SUPPLIED RECORDS
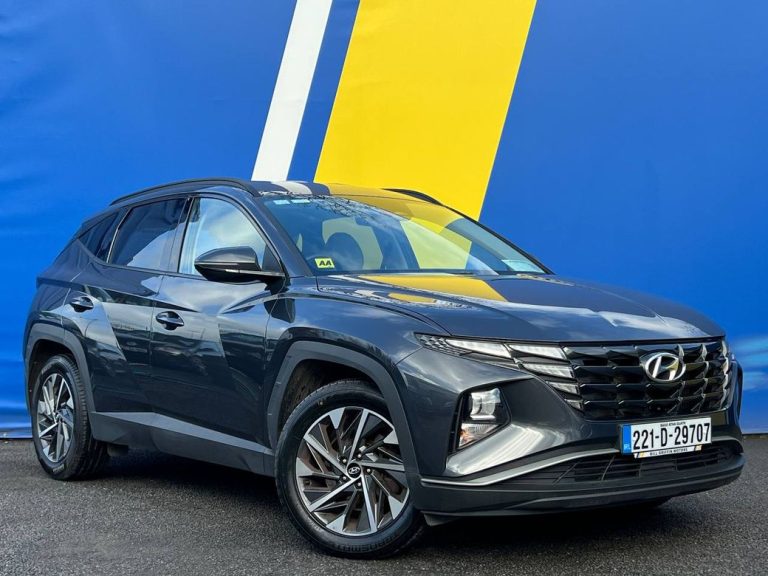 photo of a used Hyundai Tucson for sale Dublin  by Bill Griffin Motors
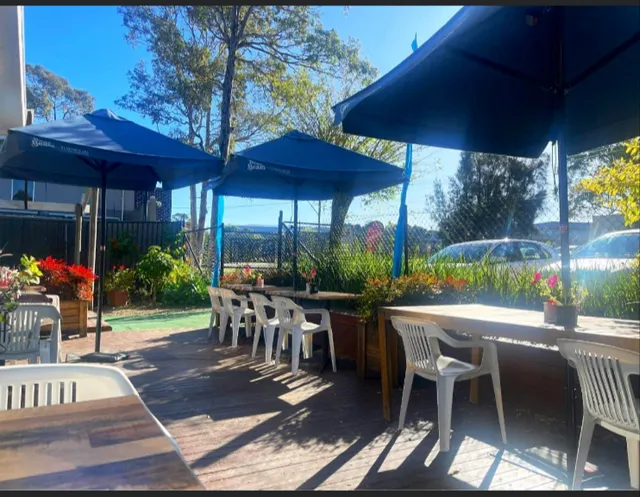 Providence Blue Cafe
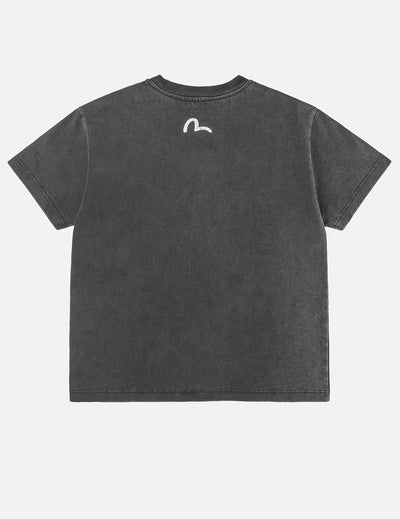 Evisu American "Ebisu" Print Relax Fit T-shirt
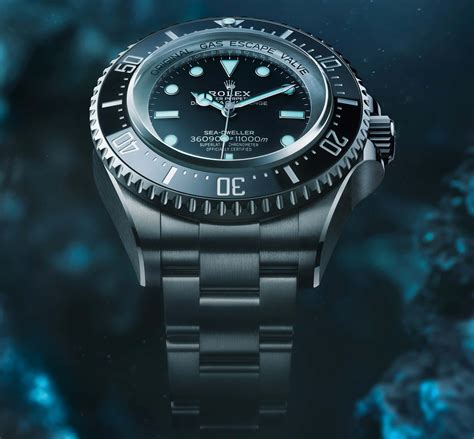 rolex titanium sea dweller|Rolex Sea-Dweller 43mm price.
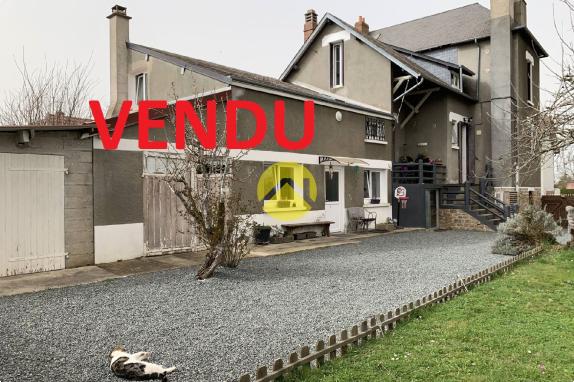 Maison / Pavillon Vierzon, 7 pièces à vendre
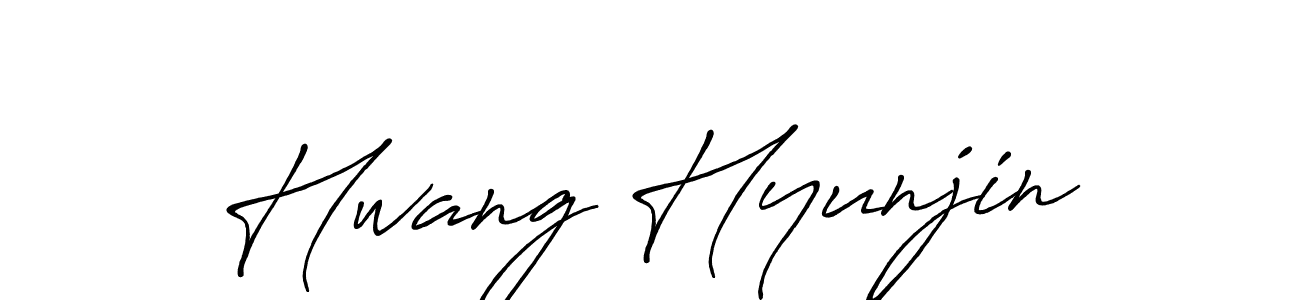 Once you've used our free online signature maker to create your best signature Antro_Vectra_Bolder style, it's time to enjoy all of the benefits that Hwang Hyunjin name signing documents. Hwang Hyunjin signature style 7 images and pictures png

YOUR GOAL
Word-for-word restatement: every line from the one with "rolex titanium sea" through the final line of the data, both ends included, pictures excluded.

ANSWER AREA
 rolex titanium sea dweller|Rolex Sea-Dweller 43mm price.
 Maison / Pavillon Vierzon, 7 pièces à vendre
 Once you've used our free online signature maker to create your best signature Antro_Vectra_Bolder style, it's time to enjoy all of the benefits that Hwang Hyunjin name signing documents. Hwang Hyunjin signature style 7 images and pictures png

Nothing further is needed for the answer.